Today I want to share something private story of my life and how God’s love saved me. Back then about 7years ago as I was about to Join College I lost my mentor, my dad. He was involved in a tragic accident but still the only one who lost his life. That moment was so saddening in my life and I felt as if I was lost. My mom was so sad and depressed I didn’t know what to do to cheer her up but we started to grieve together. I was not close to my mom then but through the grieving stage we grew fond of each other. With few months to join University and my mom had to fed for her, I just didn’t know what to do and I started asking myself why was I not the one instead of dad.
With the help of my mom, uncles, grandma and auntie whose story I will share later. I managed to Join Campus but it wasn’t all smooth sailing but I manage to focus on my studies for the first new months then the reality cam rushing back dad was no more, that’s the time I attempted suicide. I felt lost but this time I felt I didn’t have my confidant someone I could share my problems with. When the school called mom, she sent my Uncle who was nearby we sat and talked together with the school counselor and I remember vividly that day mom said “I don’t want to loose another person in my life right now I can’t bear it” those words kept coming into my life and she said dad might not be here but there is a Father in heaven talk to Him. I did talk to Him and He did listen to my prayers and he would hug me so tight and I would feel loved again by another Father who this time knew not only my joys and wept with me each time.

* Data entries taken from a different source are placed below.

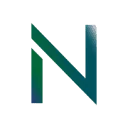 Logo van Newen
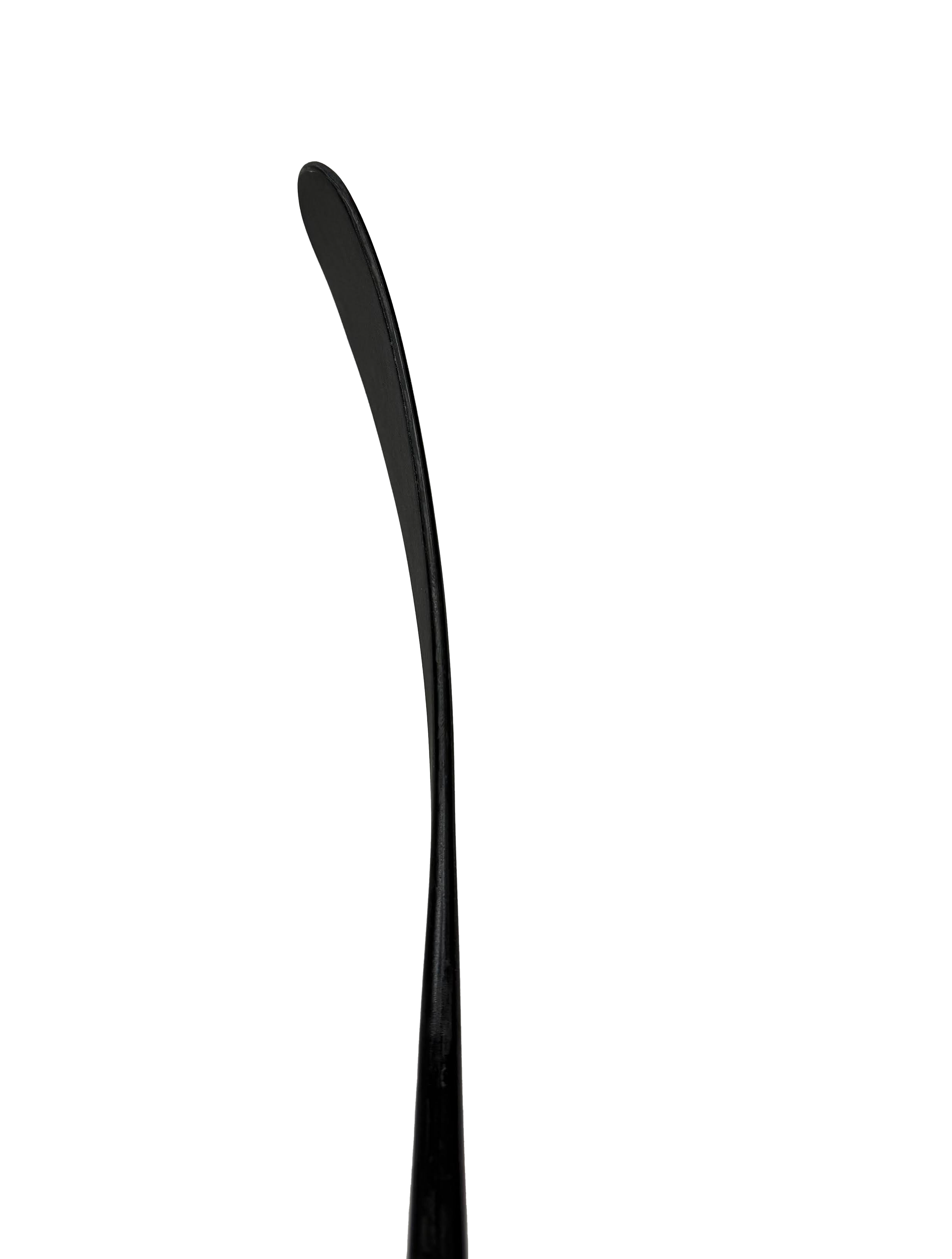 Bauer Pulse RH 70 Flex P90TM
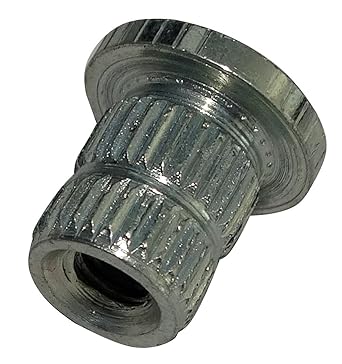 Rivetti legno Rivetti legno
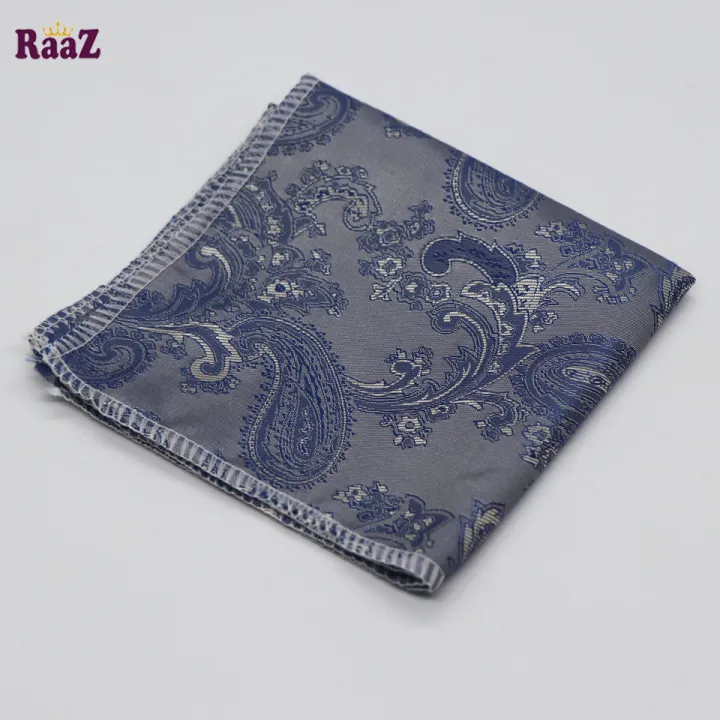 Men's%20Luxury%20Polyester%20Yarn%20Handkerchief%20Paisley%20Suit%20Pocket%20Square%20-%20Image%204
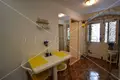 Apartamento 22 m² Grad Split, Croacia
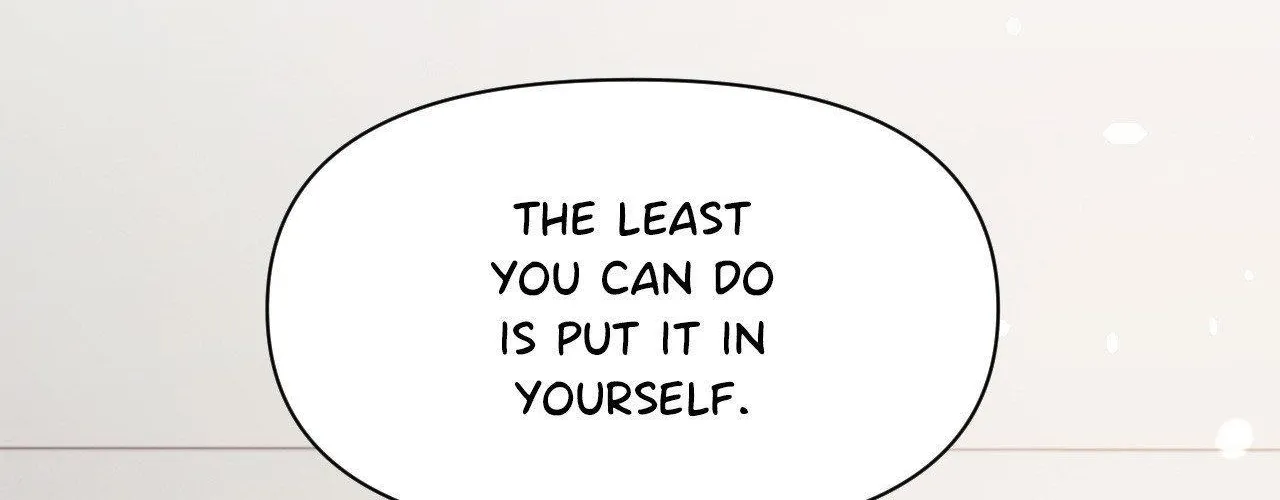 Read You Are So Lovely chapter 26 image 49 on Lezhin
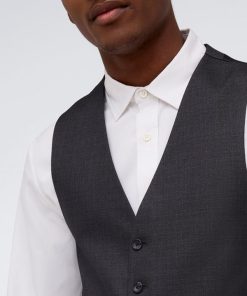 Networkingattire.shop2e0fb29c5d 5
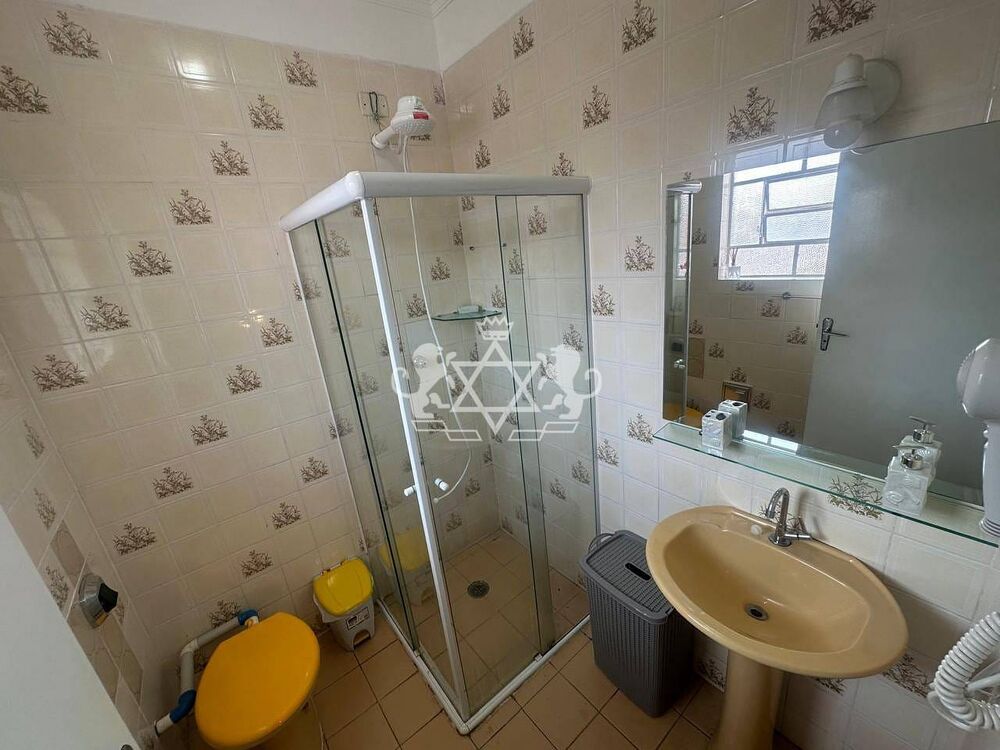 Casa à venda com 2 quartos, 148m² - Foto 7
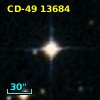CD-49 13684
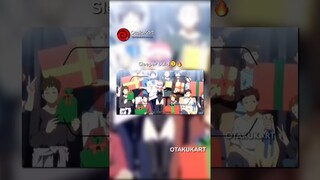 Sleeper bulid 🫠🔥 #animememes #gym #gymmemes #animeedits #anime #shorts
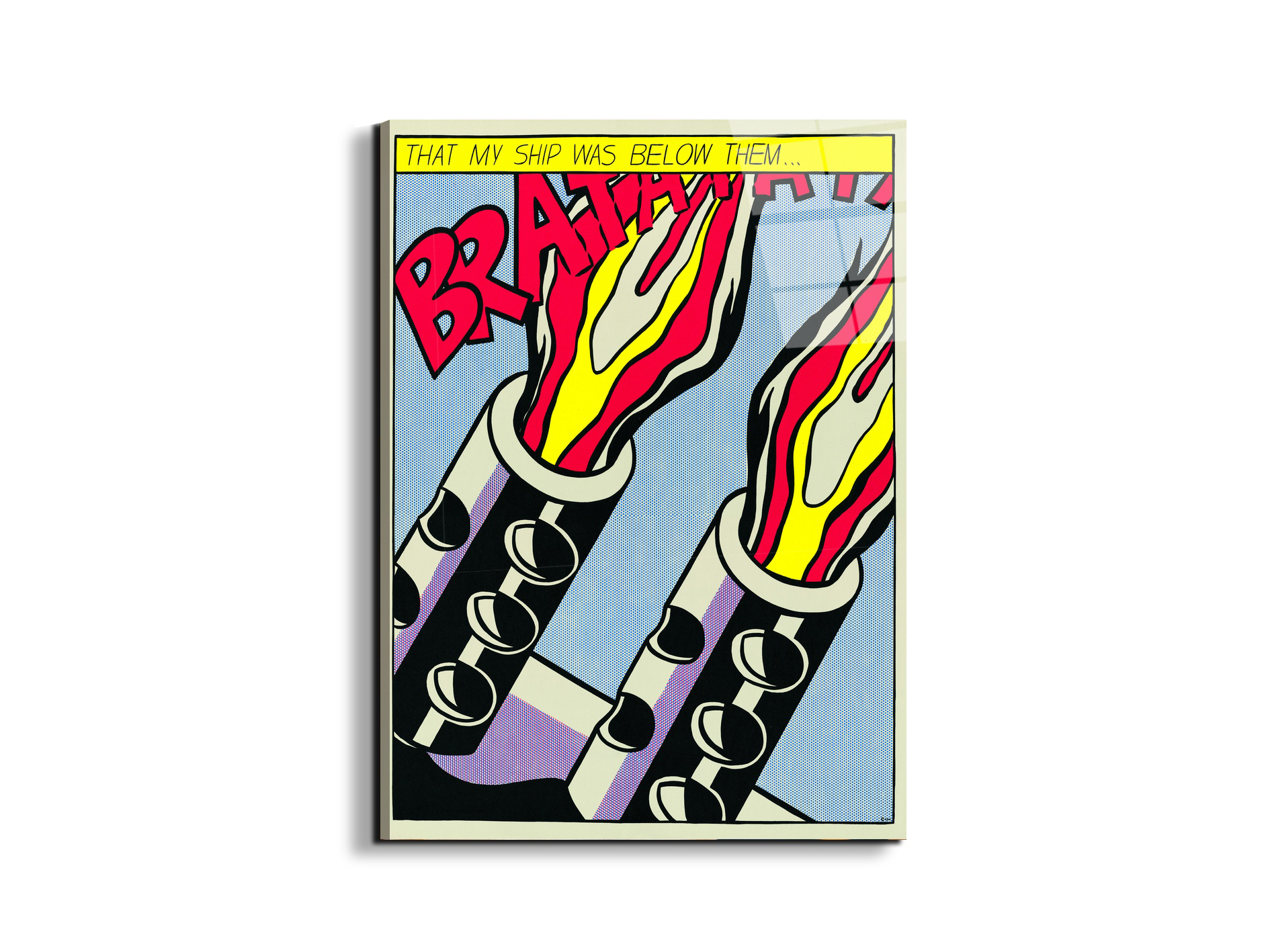 homage-to-roy-as-i-opened-fire-panel-3ec22225-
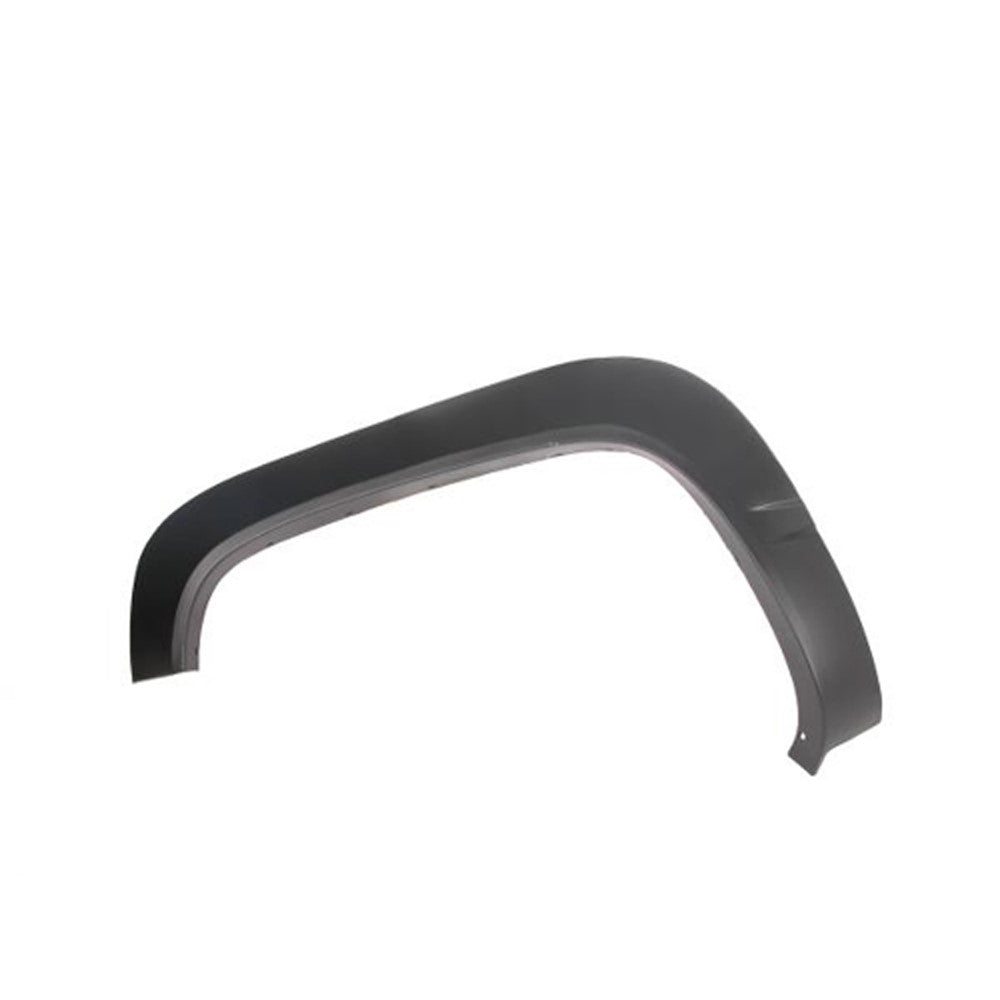 Front Left Driver Side Front Fender Flare 1988-2000 Chevrolet C1500, C1500 Suburban, C2500, C2500 Suburban, C3500, K1500 & Gmc Pickup_gmc_fullsize_c/K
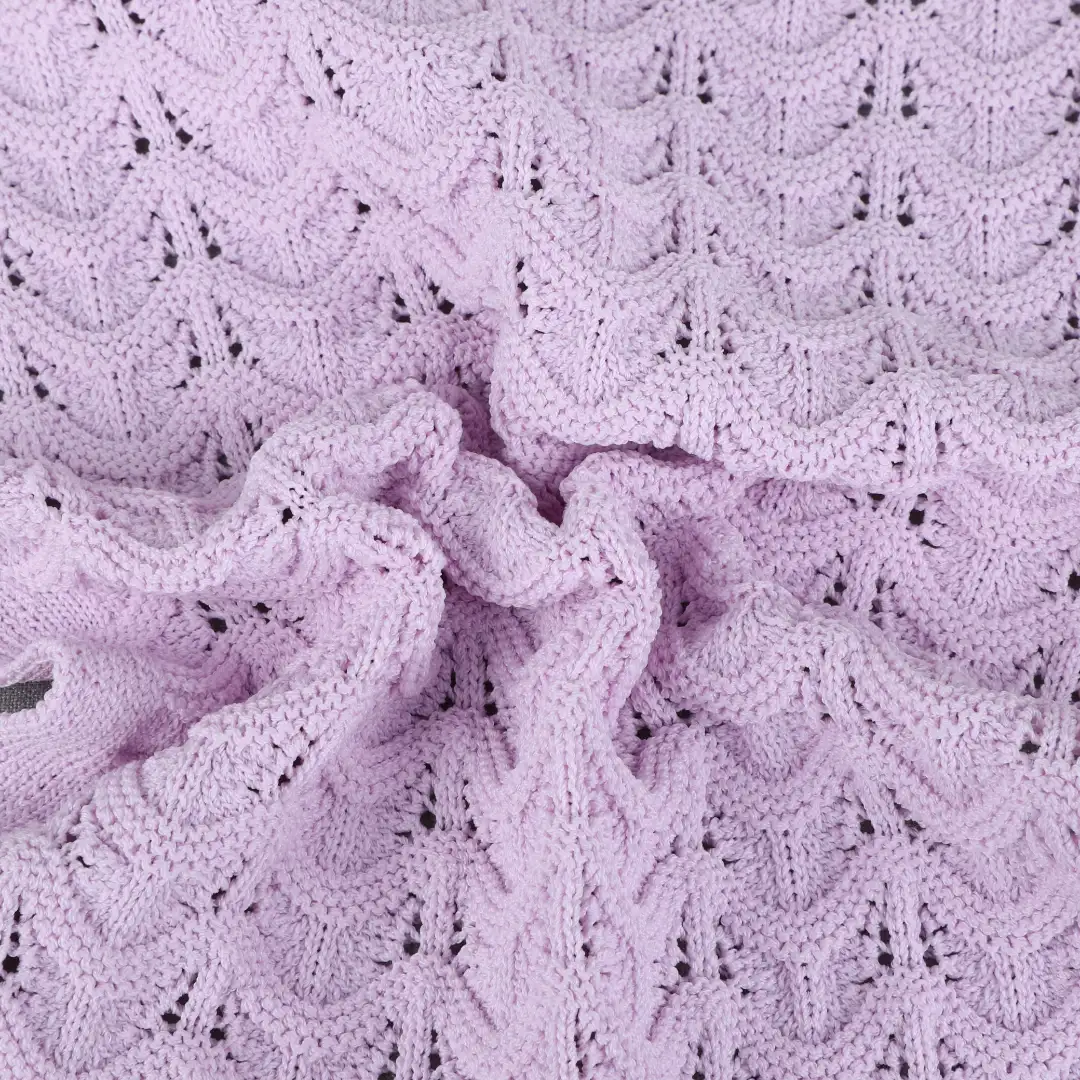 China Yarn for Ladies Vest (Sweater),Shirt Long Sleeve Button (Sweater),Shirt Long Sleeve Zipper (Sweater),Dresses (Cardigan Button) (Sweater) Double Twist Spun Regular Yarn Rayon Nylon Lavender color buy from China wholesaler bulk order at wholesale price free worldwide shipping Alibaba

Years later I finished my course in Psychology but this time I had a new purpose which is to make difference in people’s lives. I wanted to help the grieving souls, I wanted to give hope to those who are contemplating suicide, I wanted to show them that there is a God in Heaven who can change people who can give hope and who is a Father to the orphan and Husband to widows. Today I Want to say God loves you. Whether you feel lost all you think everything is lost I was felt that way and here I am years later and happy in the Lord. There is no burden too heavy that our Father can’t bear. Whether you feel you’ve been looking for a job to no avail there is a God who understands all that.
If you need someone to talk to reach out to me, but above all talk to God. Each time I bring hope in people’s live I feel I am living and doing what God intended for my life and this I have the tear of joy. Instead of the sorrow I used to get I have joy that a life is gained.